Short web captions

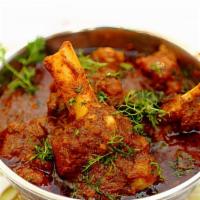 Lamb Curry · Gluten-free. Chunks of tender lamb cooked in thick curry sauce.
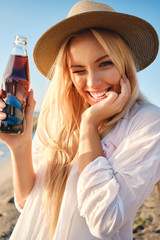 Young joyful blond woman in hat holding bottle of soda water happily winking while looking in...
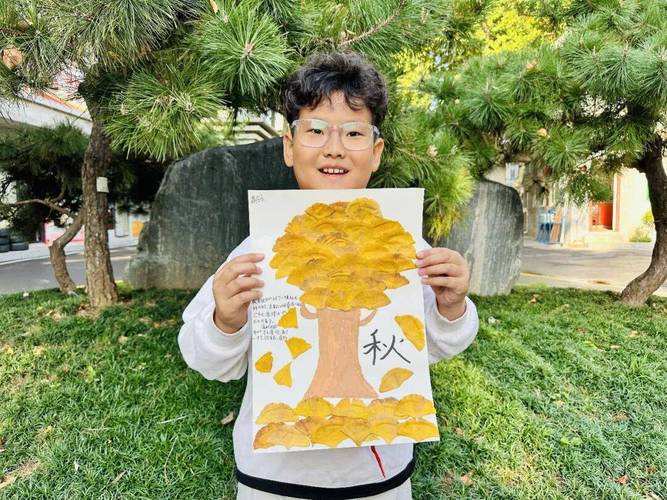 小学三年级学生把压好的梧桐叶贴在语文作业上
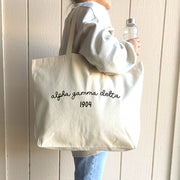 A stylish young woman models her Alpha Gamma Delta tote bag, proudly showcasing her sorority affiliation with a bold and elegant design.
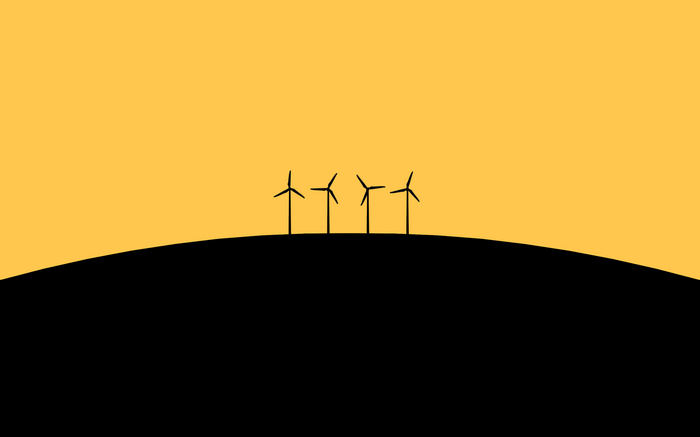 Four wind turbines on a black hill against a yellow sky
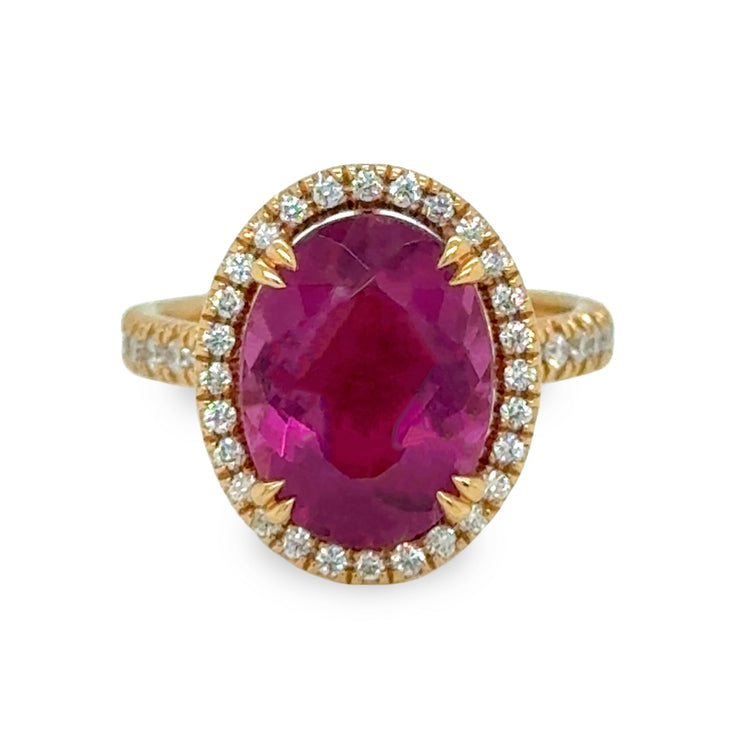 4.67 carat oval tourmaline ring in 18k rose gold with a halo of round brilliant cut diamonds, showcasing a deep, rich hue and elegant design.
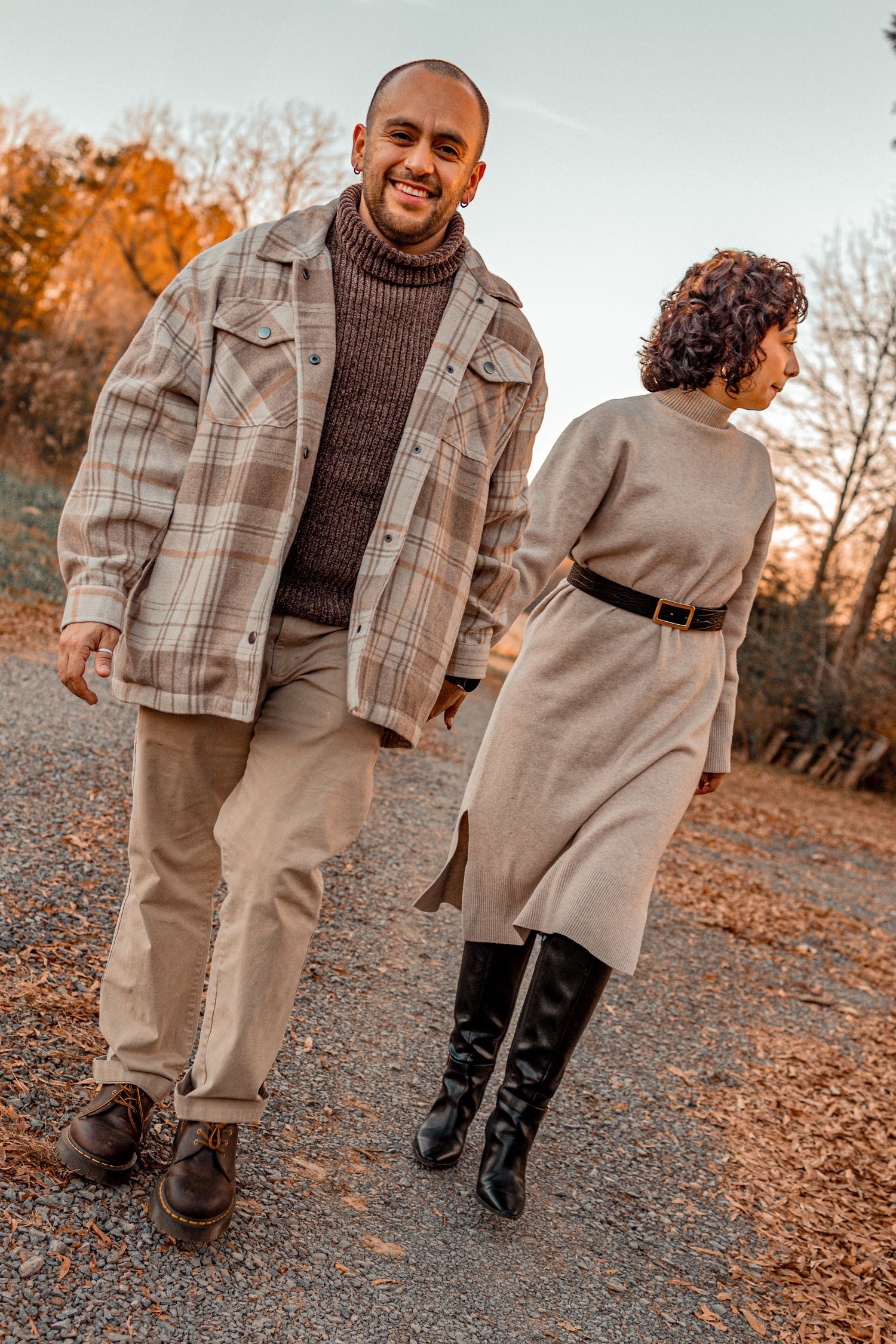 Two people walking together on a path wearing coordinated brown and beige winter outfits.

HOW TO COMPLETE THIS TASK
This exercise calls for the records to be given again exactly, without the images.

RESULT OF THE TASK
 Lamb Curry · Gluten-free. Chunks of tender lamb cooked in thick curry sauce.
 Young joyful blond woman in hat holding bottle of soda water happily winking while looking in...
 小学三年级学生把压好的梧桐叶贴在语文作业上
 A stylish young woman models her Alpha Gamma Delta tote bag, proudly showcasing her sorority affiliation with a bold and elegant design.
 Four wind turbines on a black hill against a yellow sky
 4.67 carat oval tourmaline ring in 18k rose gold with a halo of round brilliant cut diamonds, showcasing a deep, rich hue and elegant design.
 Two people walking together on a path wearing coordinated brown and beige winter outfits.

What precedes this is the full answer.